All Blacks captain Sam Cane has become renown for his hard-hitting and work rate after 95 Tests and for being one of the most respected players inside the international arena.


Graduating from the famous title-winning New Zealand U20 side in 2011, the Chiefs No.7 went on to debut for the All Blacks the very next year in 2012 against Ireland.

He debuted in the 22-19 win in Christchurch in the second Test and scored his very first try in the 60-0 hammering a week later in the third on his home ground in Hamilton.

Video Spacer

Video Spacer

As a tribute to the captain who will retire at the end of the 2024 Test season, highlights of his early playing days has been released which re-lives the start of his career which reveals he was surprisingly very good at one specific part of the game.

The art of seagulling, where loose forwards float out in the wider channels, was once a hallmark of Cane’s early playing days and he picked up a healthy amount of Test tries in the process.

He bagged his first for the All Blacks from an Aaron Cruden offload and just had to dive over from close range to profit. In the same Test he snatched his second in similar fashion, this time on a support line on the inside hanging off Aaron Smith.


Through the 2012 and 2013 seasons Cane scored tries like a winger, taking the last pass and using his size to power over any defender in his way. His excellent support play also helped him cross the chalk as the recipient of the last pass.

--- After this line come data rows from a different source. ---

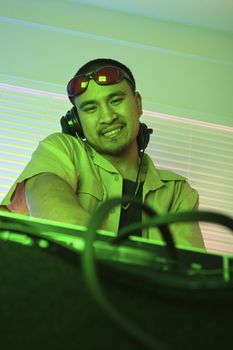 Asian young adult male DJ behind mixing equipment looking at viewer smiling.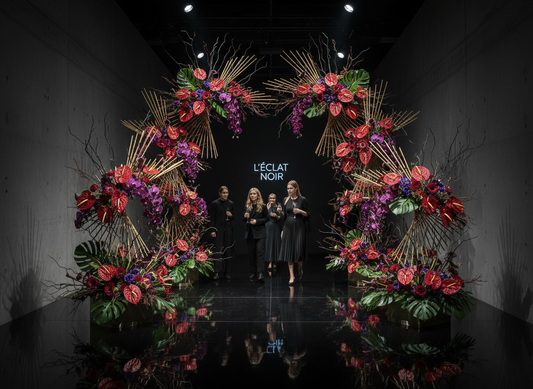 Floral archway with 'L'éclat Noir' branding at a fashion show.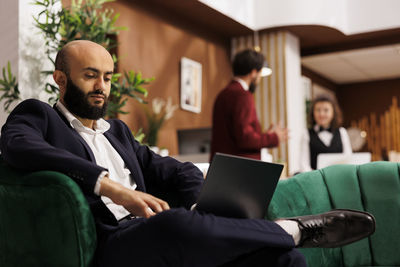 Low angle view of business colleagues working at office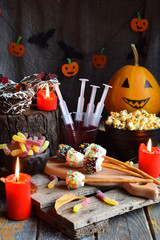 Halloween trick or treat party. Funny delicious sweets and pumpkin on wooden background - muffins, cupcakes, marshmallows, popcorn, juice, jellies, candy.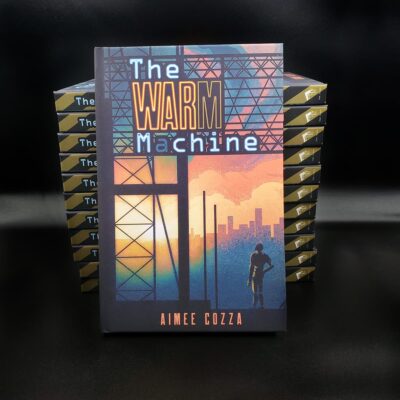 A book titled "The Warm Machine" in hardcover, leaned up against a stack of them. The front cover features a silhouette of a robot looking at the sunrise/sunset.
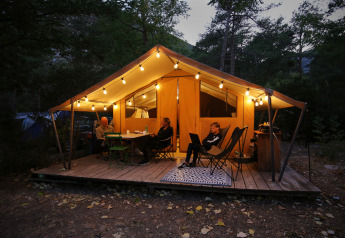 Evening at a safari Bungalow tent Classic at Huttopia Gorges du Verdon in France, warmly lit and cozy.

He scored six tries in his first 13 Tests, at a strike rate of 0.46 which is abnormal for a flanker. All-time great centre Ma’a Nonu finished with a strike rate of 0.30, while Tana Umaga finished with 0.46.

Of course, as the All Blacks’ game plans changed and Cane’s role within that changed, his try scoring rate dropped. From his 95 Tests he has 16 at a strike rate of 0.17.

The montage package fails to highlight any of Cane’s turnovers or bruising tackles, of which he became famous for.

But most will forget during Cane’s first two seasons with the All Blacks he had a habit of bagging tries.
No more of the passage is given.